Studying 30 Year Old Solar Panels

Solar panels are also in the news this week because of a study published in the journal EES Solar which finds that panels installed at various locations in Switzerland 30 years ago are still producing 80 percent of their original power. According to Chemistry World, the study found panel performance declined by just 0.24% per year on average — three times slower than expected. “This [data] really shows that photovoltaics can last [longer than expected], and it’s an important message to the photovoltaic industry,” says lead researcher Ebrar Özkalay at the University of Applied Science and Arts of Southern Switzerland.

The researchers found that altitude and climate influence the lifetime of panels. The performance of panels at lower altitudes decreased at a faster rate. Those panels often reach surface temperatures of up to 80°C, increasing thermal stress from daily and seasonal temperature variations.

While the research is good news for the industry, it also highlighted the importance of using high quality materials and production techniques. Modern photovoltaic systems often prioritize higher efficiencies and reduced costs, which leads manufacturers to use thinner and lower quality materials. But the team behind the study suggests that strategy may compromise the long term reliability of the panels.

“The bill of materials — everything that goes into a panel — has a great influence on performance, even when made by the same company,” said Dirk Jordan, a photovoltaics expert at the National Renewable Energy Laboratory in the US. “We can learn from these old panels to make future ones last, hopefully, as long.”

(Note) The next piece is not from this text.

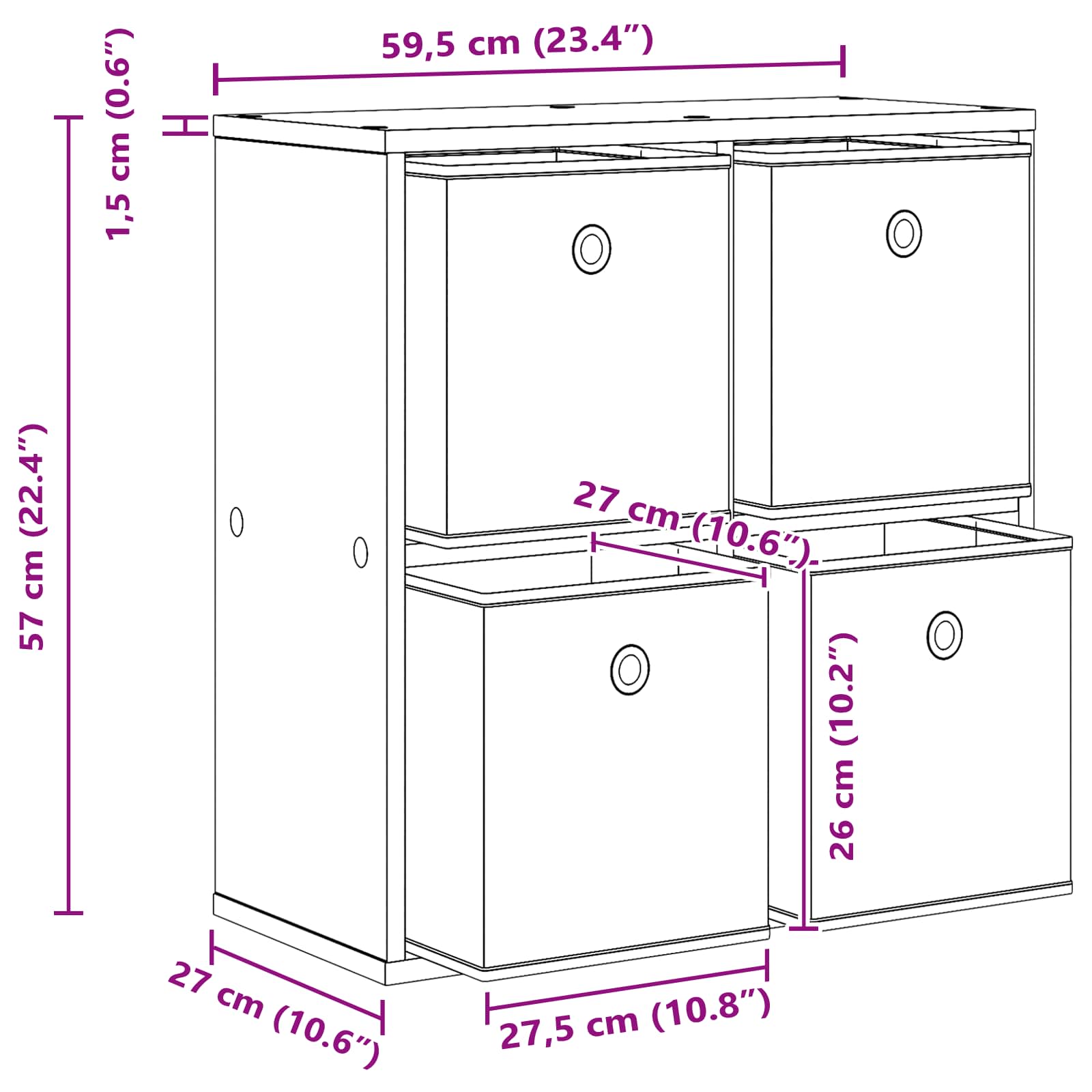 Kreveta s ladicama Staro drvo 59,5 x 27 x 57 cm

Commercial-scale solar panel production is still a fairly young industry, which means we are still learning from real-world experience. New technological breakthroughs, such as the one from UNSW, are happening on a regular basis, but experience with older panels can still inform manufacturers about how to make panels that last for 30 years or more. For parts of the world that do not have policies in place that suppress solar installations, the future truly is bright.